● Materials provided
────────────────────
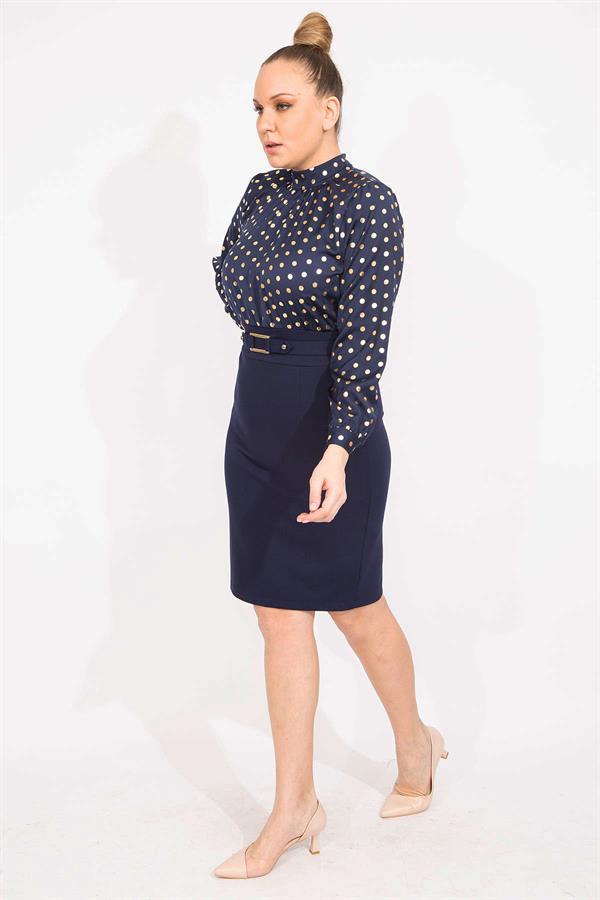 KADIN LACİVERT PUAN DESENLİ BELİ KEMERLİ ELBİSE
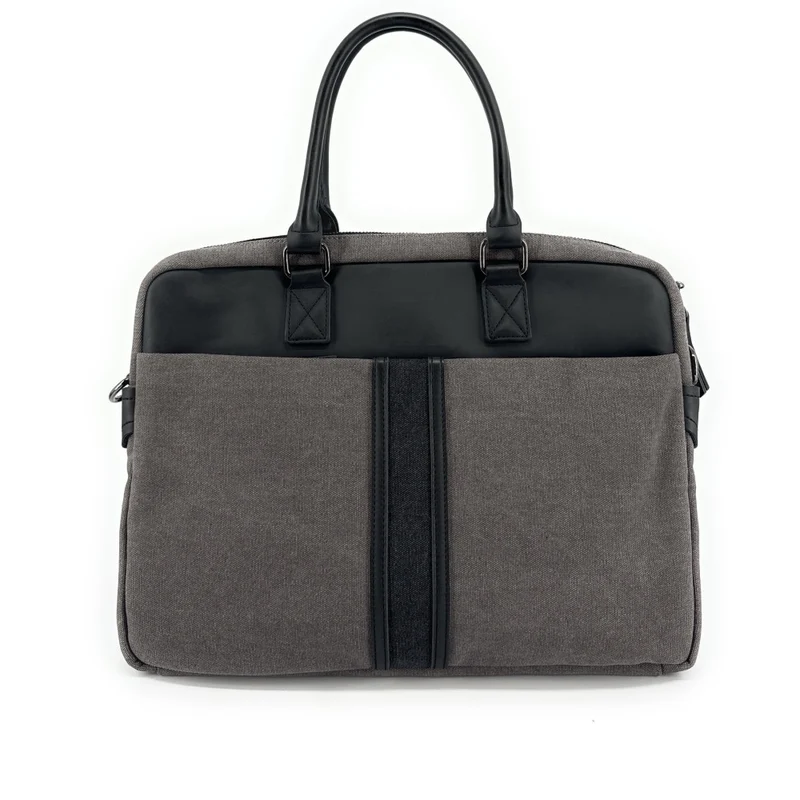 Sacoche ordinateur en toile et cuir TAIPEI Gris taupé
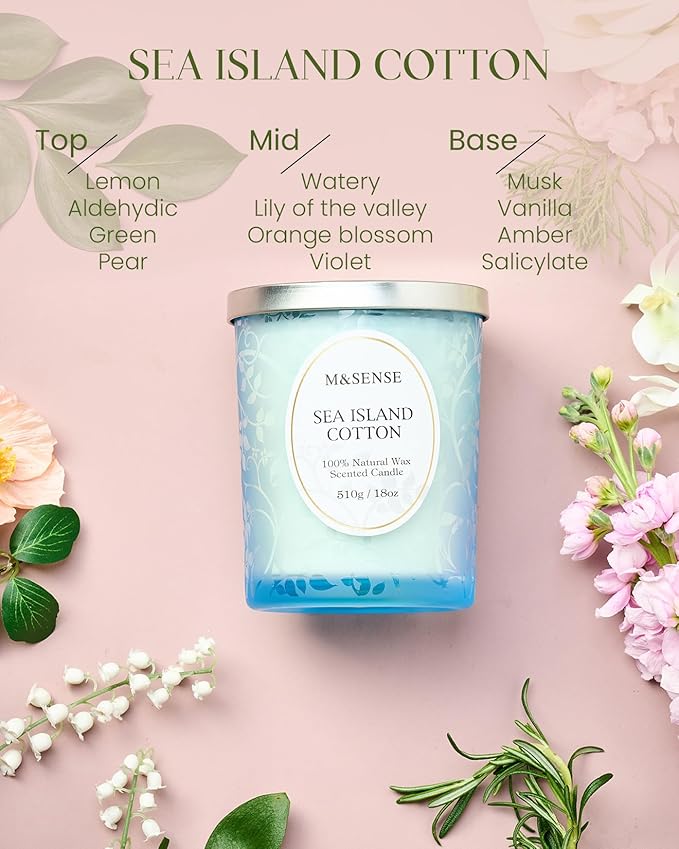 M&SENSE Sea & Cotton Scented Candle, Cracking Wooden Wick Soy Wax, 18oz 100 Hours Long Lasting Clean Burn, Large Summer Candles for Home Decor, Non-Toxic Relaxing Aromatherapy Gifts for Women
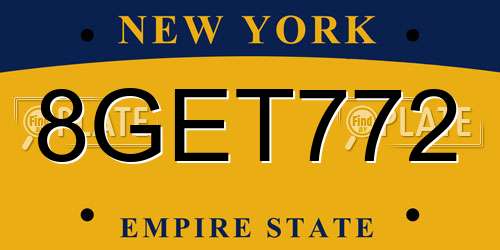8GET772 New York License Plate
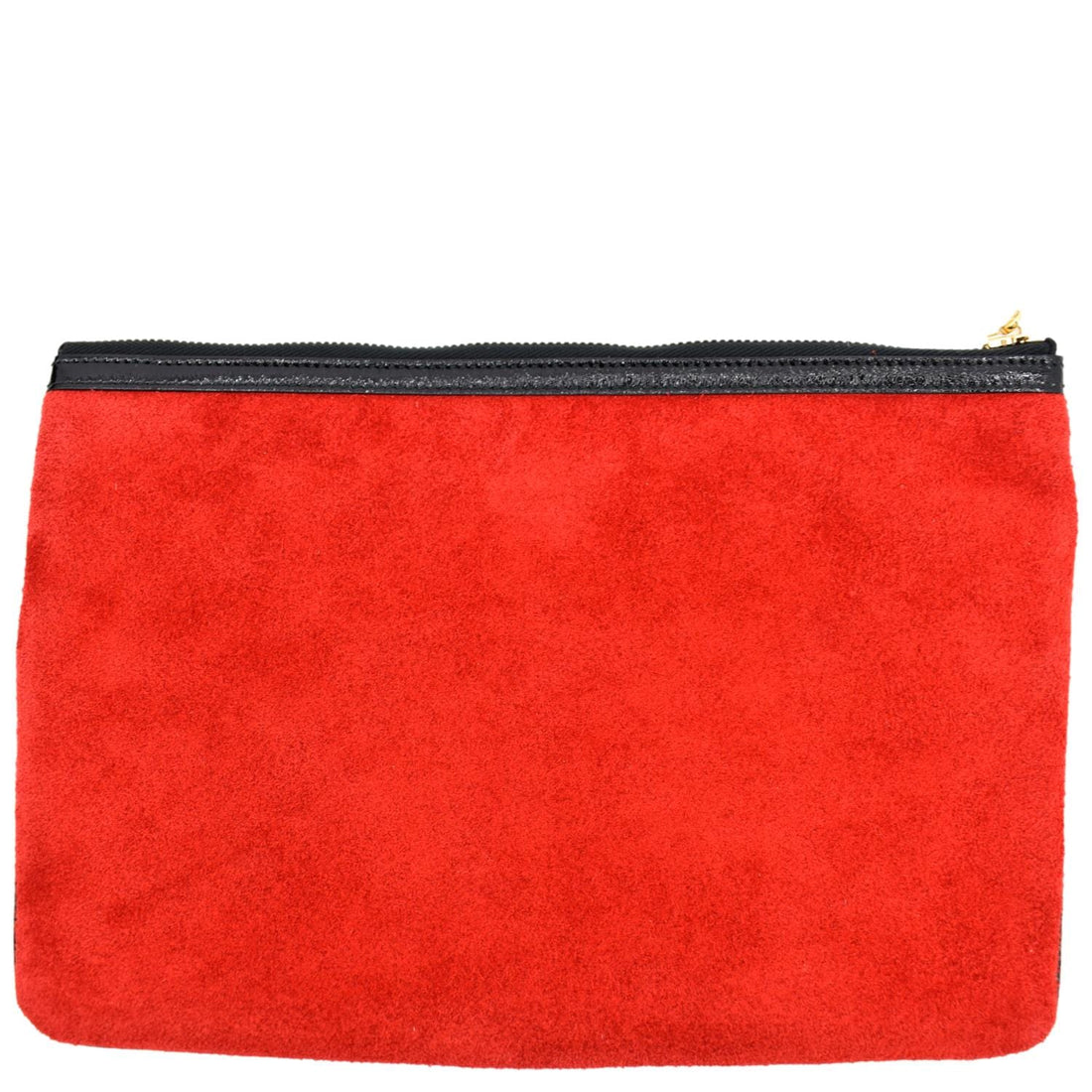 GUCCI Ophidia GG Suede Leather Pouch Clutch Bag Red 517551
────────────────────
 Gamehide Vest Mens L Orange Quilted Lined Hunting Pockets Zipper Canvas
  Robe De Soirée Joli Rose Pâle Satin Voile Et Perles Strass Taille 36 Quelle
────────────────────
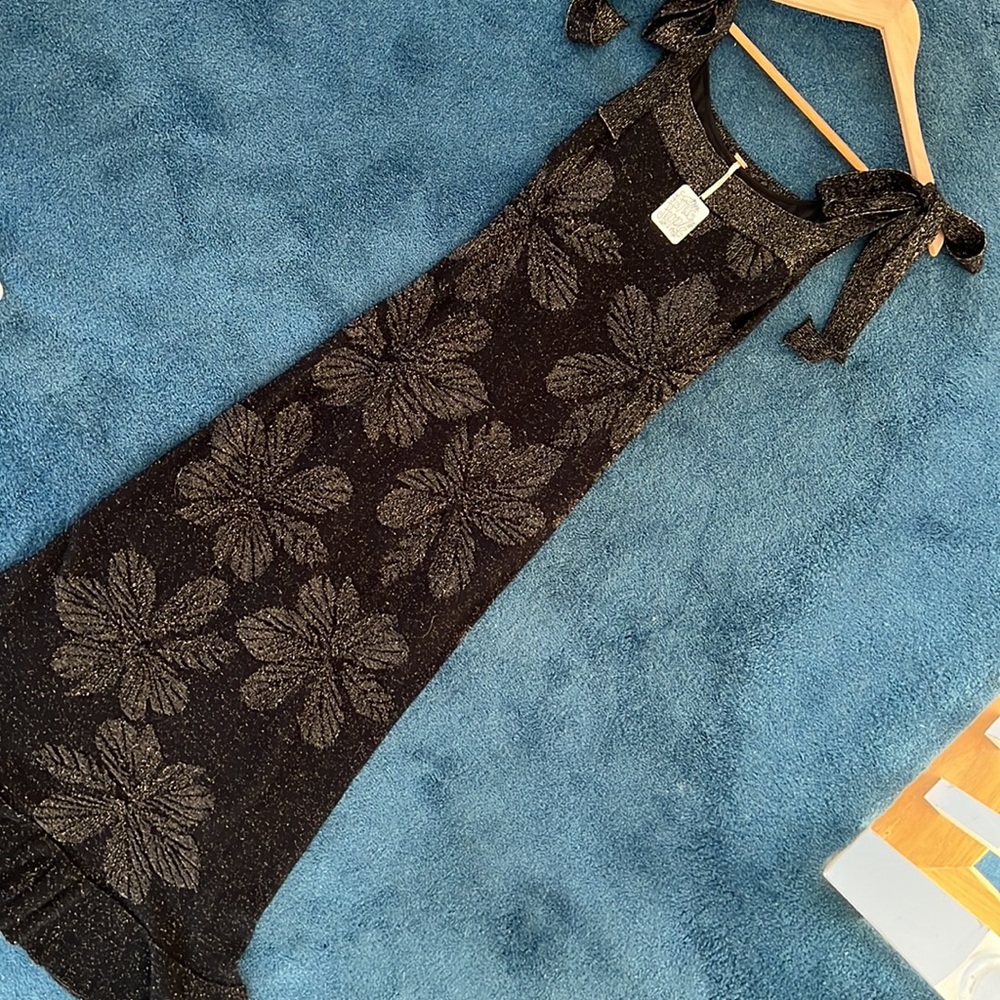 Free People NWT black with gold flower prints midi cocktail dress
────────────────────
● Task
In the listing above, find the line containing "Sacoche ordinateur en" and the line containing "8GET772 New York License Plate", then print exactly those two lines and every line between them, minus the pictures.

● Solution
 Sacoche ordinateur en toile et cuir TAIPEI Gris taupé
 M&SENSE Sea & Cotton Scented Candle, Cracking Wooden Wick Soy Wax, 18oz 100 Hours Long Lasting Clean Burn, Large Summer Candles for Home Decor, Non-Toxic Relaxing Aromatherapy Gifts for Women
8GET772 New York License Plate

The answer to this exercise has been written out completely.